Data shows that the median purchase price paid by cash buyers has been lower than that of mortgaged counterparts since around Q3:02. In Q1:17, we estimate that the median purchase price paid by cash buyers was 24% lower than that paid by mortgaged buyers. Further, cash buyers buy relatively bigger properties, at a lower median price per square metre. In Q1:17, the price per square metre differential between cash and mortgage transactions was 32%.

Cash buyers are usually in a better bargaining position, and also, sellers may be more amenable to offering a discount to cash buyers in trying to expedite a transaction. This is also more likely when a property has been on the market for a long time. Related to this, cash buyers likely have more time to look around for bargains, which may include distressed sales. All of this can lead to higher price volatility in cash transactions.

In absolute terms, both mortgage and cash transactions are falling. We expect a meaningful recovery in household credit extension only in H1:18, which should support purchasing activity, particularly mortgaged-backed purchases.

A regional perspective

Gauteng has the most property transactions at 42% of all transactions in 2016, followed by the Western Cape with 25%, KZN with 11.5%, and Eastern Cape with 6%. After the surge in house prices in the Western Cape, the volume of transactions has risen significantly, to 25%  in 2016, from 19.5% in 2008, possibly as buyers chase yields. The rest of the provinces (Free State; Limpopo; Mpumalanga; North West; Northern Cape) in 2016 accounted for a combined 13% of all property transactions in SA (roughly 2% could not be allocated definitively) (Figure 3).

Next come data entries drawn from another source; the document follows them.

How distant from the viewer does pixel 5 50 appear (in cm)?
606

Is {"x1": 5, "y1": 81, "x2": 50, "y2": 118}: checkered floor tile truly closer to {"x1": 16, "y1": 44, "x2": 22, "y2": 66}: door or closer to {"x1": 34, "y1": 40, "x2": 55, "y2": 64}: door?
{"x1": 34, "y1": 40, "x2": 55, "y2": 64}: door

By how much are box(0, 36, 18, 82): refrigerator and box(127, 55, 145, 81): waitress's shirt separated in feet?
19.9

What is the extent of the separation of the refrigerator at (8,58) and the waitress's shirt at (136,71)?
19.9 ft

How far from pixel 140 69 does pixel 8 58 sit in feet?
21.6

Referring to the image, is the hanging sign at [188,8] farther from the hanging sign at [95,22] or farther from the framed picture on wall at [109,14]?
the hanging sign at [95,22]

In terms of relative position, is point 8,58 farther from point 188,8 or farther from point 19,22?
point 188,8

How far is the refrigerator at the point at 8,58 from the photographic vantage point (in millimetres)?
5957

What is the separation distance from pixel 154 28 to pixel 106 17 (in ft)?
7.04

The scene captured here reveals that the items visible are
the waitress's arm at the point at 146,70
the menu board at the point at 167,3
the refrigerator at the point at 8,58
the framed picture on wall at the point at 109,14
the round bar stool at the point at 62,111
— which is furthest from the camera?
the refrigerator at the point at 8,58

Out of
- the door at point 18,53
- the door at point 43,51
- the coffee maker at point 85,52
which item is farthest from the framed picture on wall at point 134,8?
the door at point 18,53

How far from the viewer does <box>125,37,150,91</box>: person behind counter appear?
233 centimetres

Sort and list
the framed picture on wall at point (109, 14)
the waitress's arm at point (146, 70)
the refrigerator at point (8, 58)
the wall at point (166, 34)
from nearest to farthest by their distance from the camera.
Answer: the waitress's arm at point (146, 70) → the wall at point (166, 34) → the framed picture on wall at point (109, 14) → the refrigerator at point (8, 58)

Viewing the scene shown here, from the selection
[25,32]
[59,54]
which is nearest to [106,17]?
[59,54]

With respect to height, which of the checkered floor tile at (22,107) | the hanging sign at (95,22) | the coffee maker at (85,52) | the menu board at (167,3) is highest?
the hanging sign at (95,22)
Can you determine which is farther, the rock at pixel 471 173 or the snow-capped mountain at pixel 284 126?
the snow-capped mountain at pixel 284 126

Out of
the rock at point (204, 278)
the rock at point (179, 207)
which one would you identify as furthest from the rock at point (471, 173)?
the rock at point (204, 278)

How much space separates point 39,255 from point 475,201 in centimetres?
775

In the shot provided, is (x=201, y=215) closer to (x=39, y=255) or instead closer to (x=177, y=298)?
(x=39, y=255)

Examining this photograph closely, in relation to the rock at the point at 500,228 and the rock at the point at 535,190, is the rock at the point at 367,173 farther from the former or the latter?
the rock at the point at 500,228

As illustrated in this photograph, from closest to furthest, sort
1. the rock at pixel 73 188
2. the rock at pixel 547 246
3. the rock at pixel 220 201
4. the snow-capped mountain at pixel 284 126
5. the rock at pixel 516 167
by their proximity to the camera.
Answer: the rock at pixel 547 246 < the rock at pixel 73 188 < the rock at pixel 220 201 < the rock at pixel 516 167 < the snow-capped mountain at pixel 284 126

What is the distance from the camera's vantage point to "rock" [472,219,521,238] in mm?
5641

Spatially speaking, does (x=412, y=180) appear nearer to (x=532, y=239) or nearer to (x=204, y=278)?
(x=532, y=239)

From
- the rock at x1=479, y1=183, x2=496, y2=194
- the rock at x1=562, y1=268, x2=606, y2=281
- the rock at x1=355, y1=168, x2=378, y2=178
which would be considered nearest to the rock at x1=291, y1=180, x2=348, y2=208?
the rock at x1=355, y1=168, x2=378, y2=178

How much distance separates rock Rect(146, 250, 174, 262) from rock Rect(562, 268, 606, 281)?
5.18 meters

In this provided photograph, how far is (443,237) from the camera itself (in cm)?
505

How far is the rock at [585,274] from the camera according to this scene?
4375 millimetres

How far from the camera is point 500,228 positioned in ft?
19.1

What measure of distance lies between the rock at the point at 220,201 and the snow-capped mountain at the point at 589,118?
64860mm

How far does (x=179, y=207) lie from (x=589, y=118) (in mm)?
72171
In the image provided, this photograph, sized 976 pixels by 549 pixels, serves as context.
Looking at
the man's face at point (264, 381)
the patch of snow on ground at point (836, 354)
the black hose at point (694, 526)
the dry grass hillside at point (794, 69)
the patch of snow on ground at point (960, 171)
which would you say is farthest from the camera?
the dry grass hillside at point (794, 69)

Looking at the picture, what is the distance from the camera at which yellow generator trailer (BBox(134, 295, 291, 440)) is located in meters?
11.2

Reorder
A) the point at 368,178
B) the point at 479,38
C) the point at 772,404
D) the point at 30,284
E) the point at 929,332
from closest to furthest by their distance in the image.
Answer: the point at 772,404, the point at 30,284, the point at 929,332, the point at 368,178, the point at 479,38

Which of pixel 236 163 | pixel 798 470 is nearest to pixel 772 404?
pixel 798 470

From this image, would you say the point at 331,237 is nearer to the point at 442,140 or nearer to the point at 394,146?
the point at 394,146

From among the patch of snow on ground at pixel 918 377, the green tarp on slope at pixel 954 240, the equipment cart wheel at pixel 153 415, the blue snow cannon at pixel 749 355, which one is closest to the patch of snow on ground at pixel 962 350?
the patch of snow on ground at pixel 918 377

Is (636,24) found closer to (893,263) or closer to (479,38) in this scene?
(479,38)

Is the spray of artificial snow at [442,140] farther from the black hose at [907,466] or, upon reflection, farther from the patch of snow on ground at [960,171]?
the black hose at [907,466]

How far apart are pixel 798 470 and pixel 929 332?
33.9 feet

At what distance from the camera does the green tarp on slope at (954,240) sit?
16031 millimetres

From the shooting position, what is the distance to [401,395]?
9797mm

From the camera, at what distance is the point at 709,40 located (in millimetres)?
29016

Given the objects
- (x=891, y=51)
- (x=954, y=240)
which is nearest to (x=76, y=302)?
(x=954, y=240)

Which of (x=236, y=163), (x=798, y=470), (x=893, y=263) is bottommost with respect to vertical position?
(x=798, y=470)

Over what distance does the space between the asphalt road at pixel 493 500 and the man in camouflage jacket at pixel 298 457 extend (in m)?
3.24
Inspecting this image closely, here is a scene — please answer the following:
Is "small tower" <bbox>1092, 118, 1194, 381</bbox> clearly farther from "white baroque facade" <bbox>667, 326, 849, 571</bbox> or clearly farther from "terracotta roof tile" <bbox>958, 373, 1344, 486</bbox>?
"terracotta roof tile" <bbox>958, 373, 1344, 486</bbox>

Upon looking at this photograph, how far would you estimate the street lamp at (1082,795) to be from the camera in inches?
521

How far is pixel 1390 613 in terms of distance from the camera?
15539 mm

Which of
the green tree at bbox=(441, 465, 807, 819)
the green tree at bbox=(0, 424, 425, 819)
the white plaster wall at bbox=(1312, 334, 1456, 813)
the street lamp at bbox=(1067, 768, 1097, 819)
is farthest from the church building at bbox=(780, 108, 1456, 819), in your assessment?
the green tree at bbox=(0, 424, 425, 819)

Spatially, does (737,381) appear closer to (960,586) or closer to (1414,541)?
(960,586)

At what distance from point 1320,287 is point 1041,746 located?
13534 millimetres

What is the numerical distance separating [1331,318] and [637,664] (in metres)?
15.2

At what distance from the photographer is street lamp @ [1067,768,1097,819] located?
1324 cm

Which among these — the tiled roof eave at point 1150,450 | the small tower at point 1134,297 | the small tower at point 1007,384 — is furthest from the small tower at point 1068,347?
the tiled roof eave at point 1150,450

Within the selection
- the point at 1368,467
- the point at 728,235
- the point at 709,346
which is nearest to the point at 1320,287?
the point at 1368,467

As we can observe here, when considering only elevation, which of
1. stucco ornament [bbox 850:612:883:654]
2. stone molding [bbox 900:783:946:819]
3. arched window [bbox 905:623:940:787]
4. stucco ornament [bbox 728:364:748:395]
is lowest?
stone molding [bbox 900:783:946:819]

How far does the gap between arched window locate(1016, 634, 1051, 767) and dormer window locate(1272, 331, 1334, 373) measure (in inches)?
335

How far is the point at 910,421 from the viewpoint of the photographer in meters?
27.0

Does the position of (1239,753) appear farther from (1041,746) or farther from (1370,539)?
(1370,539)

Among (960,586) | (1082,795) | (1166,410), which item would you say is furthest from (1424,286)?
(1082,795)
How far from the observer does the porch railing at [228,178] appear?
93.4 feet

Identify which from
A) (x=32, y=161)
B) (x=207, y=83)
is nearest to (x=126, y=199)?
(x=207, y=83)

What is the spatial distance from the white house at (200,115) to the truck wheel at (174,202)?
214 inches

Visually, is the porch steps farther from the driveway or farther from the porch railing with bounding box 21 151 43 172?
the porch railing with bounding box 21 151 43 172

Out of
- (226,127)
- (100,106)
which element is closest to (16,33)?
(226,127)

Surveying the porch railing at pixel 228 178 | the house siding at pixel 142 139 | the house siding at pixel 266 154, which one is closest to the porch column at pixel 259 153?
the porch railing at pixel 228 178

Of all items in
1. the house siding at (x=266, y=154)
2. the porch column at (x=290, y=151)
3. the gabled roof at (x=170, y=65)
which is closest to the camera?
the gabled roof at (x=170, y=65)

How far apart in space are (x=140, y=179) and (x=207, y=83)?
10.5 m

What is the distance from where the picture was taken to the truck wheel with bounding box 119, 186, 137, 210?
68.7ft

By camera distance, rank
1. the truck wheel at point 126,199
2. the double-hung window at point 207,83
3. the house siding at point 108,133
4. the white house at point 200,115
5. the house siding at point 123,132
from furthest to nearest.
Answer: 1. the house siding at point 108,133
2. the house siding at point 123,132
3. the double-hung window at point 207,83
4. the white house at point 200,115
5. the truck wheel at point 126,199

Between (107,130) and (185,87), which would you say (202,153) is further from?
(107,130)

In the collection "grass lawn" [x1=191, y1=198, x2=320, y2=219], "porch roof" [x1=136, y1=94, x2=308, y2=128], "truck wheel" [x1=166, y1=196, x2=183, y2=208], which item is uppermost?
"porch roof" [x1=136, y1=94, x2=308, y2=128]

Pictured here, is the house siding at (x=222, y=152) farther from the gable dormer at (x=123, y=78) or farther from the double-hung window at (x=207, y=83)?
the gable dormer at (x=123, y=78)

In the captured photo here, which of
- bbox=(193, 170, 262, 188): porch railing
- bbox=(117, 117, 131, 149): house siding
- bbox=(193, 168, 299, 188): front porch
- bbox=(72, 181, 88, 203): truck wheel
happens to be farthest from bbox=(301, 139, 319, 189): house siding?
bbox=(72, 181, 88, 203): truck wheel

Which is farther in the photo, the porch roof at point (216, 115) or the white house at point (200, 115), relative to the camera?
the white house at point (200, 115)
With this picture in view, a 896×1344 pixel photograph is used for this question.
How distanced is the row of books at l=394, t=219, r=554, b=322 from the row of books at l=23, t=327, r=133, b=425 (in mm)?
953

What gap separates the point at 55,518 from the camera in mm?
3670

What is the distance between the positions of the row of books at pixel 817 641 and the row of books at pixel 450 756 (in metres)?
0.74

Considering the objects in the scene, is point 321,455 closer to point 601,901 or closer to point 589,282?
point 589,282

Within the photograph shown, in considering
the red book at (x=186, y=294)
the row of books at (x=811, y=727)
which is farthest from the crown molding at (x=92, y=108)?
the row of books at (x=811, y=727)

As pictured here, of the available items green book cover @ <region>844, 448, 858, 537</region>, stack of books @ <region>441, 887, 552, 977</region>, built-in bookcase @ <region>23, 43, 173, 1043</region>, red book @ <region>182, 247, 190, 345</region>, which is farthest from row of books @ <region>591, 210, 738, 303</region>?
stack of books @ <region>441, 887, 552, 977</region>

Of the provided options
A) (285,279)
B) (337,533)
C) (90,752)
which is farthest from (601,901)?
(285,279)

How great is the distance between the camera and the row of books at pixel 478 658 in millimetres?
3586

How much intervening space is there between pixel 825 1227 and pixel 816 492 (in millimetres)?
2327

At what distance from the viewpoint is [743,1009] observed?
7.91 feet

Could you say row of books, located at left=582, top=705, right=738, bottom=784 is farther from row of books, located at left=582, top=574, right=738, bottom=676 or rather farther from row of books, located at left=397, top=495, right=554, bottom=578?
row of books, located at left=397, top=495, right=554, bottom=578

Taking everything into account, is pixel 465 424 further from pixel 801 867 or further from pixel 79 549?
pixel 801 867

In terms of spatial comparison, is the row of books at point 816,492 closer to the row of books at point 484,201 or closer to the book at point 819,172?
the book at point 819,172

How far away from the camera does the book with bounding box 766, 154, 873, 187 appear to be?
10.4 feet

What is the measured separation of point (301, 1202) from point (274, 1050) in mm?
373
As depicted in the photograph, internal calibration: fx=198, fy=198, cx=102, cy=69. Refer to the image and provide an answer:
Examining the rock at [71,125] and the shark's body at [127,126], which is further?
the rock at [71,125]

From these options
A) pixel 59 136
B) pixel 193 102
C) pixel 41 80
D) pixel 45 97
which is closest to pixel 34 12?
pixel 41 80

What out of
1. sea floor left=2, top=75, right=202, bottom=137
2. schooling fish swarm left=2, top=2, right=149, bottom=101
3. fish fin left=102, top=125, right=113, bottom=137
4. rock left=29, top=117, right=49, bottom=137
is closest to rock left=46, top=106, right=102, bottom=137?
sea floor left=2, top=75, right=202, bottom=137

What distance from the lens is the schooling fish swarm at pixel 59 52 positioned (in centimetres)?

In contrast, data from BMR shows that these provinces (Free State; Limpopo; Mpumalanga; North West; Northern Cape) accounted for approximately 23% of household disposable income in 2016 i.e. close to double the share of property transactions (Figure 4). This implies that while people derive a decent income in these provinces, they prefer houses in urban provinces such as Gauteng and the Western Cape.

The proportion of cash transactions is increasing across all the major provinces mainly as a function of declining mortgages rather than an increasing number of cash transactions. This reflects tighter domestic credit conditions. Of the cash transactions, Gauteng accounts for 34%, Western Cape accounts for 31% (Figure 5). However, Western Cape now has more cash than mortgage transactions, with cash transactions accounting for 56% of all transactions (Figure 6). The Western Cape now attracts more affluent buyers who can buy property cash, as opposed to middle-income buyers who rely on mortgage financing.

The benign SA economy is impinging on purchasing activity. In absolute terms, both mortgage and cash transactions are falling. Mortgages, however, are falling faster than cash transactions, reflecting the impact of adverse labour market conditions and the tightening of credit conditions; fewer such constraints apply to cash buyers. We expect a meaningful recovery in household credit extension only in H1:18, which should support purchasing activity, particularly mortgage-backed purchases.